Совершенно очевидно, что этот моральный прорыв неприятельской армии нужно было нам вместе с нашими союзниками всемерно углублять. Нужно было действовать дипломатическими нотами и общесоюзническими заявлениями, так же как Рупрехт Баварский действовал своими прокламациями, а Ленин — резолюциями. Военные операции только закрепили бы уже достигнутые дипломатическим путем победы.
Впрочем, свою чисто техническую, военную задачу революционная Россия и без дипломатической, моральной помощи союзников в полной мере выполнила. Сравнивая внешне благополучное состояние русского фронта в зиму перед падением монархии с быстрым падением боеспособности нашей армии в начале революции, историки и мемуаристы (среди наших бывших союзников) весьма часто приходят к совершенно ложному выводу: Февральская революция, разрушив боеспособность армии, резко нарушила стратегические планы союзных армий и затянула войну на целый лишний год. Военные авторитеты, сосредоточивая, естественно, свое внимание на совершенно недопустимых в обычное время несовершенствах в организации армии после Февральской революции, до нынешнего дня пишут о беспорядках в армии, об эксцессах солдат против офицеров, о дезертирах, о «провале безумно задуманного наступления» и т. д. Военные специалисты, естественно, судят все явления со своей профессиональной точки зрения, и было бы нелепо их за это осуждать. Самая жестокая критика состояния русской армии после падения монархии совершенно справедлива. И все‑таки это еще не все, ибо оценка государственная, политическая и международно — стратегическая нашего фронта во время Февральской революции должна быть совсем другой.
Какая задача была поставлена нашей армии в боевую кампанию 1917 года? Должны ли мы были заниматься наступательными операциями для захвата Константинополя, Будапешта или Берлина? Ясно — нет. Боевые задачи, не разрешенные русской армией за все время войны до революции, не могли разрешаться теперь среди общего революционного развала в стране. Временное правительство поставило себе стратегическую задачу более скромную, но зато вполне соответствовавшую наличным силам. Мы поставили себе целью: восстанавливая насколько возможно боеспособность армии, удержать на нашем фронте до конца кампании 1917 года наибольшее количество неприятельских войск.
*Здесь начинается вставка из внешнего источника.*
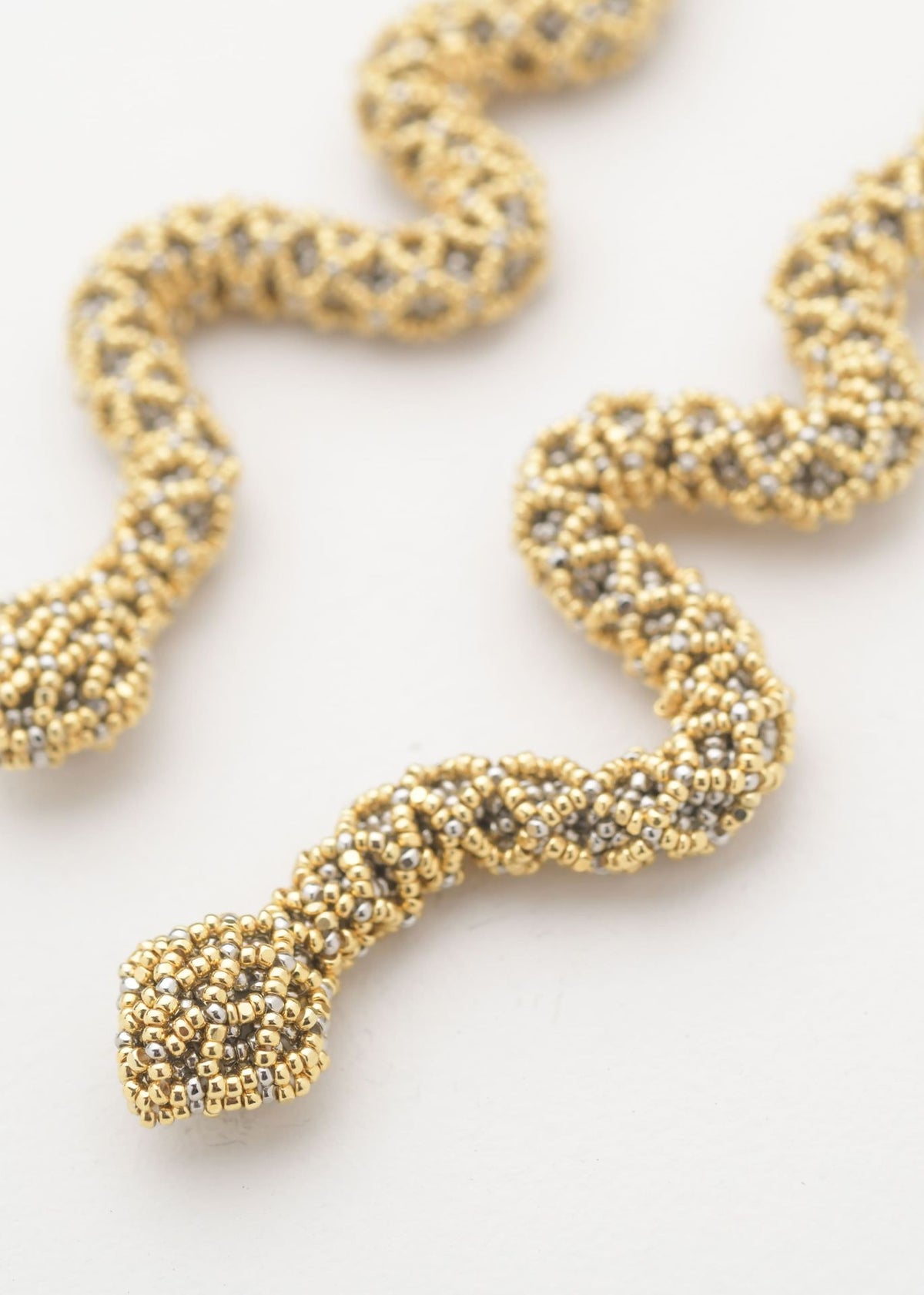 NAWI SNAKE EARRINGS GOLD PLATINUM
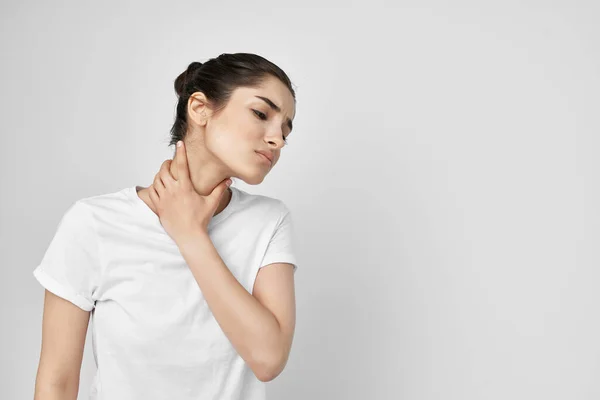 Mujer en una camiseta blanca dolor en el cuello fondo claro —  Fotos de Stock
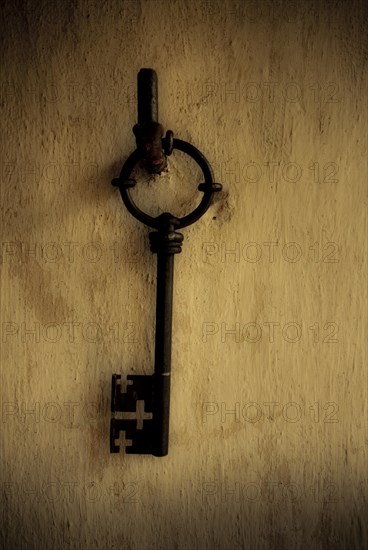 Old large key hanging on a wall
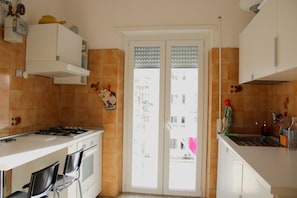 Full-sized fridge, oven, dishwasher, cookware/dishes/utensils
Для чего? Во — первых, для того, чтобы лишить генерала Людендорфа возможности свободно маневрировать на фронте наших союзников и, во — вторых, чтобы этим самым отсрочить решительное столкновение военных сил двух коалиций до весны 1918 года. Только такая отсрочка давала возможность Соединенным Штатам действительно вступить в войну и оказать в 1918 году на фронте наших союзников решительную помощь. О том, что наша стратегическая задача была правильно поставлена, видно из писаний все того же Гинденбурга.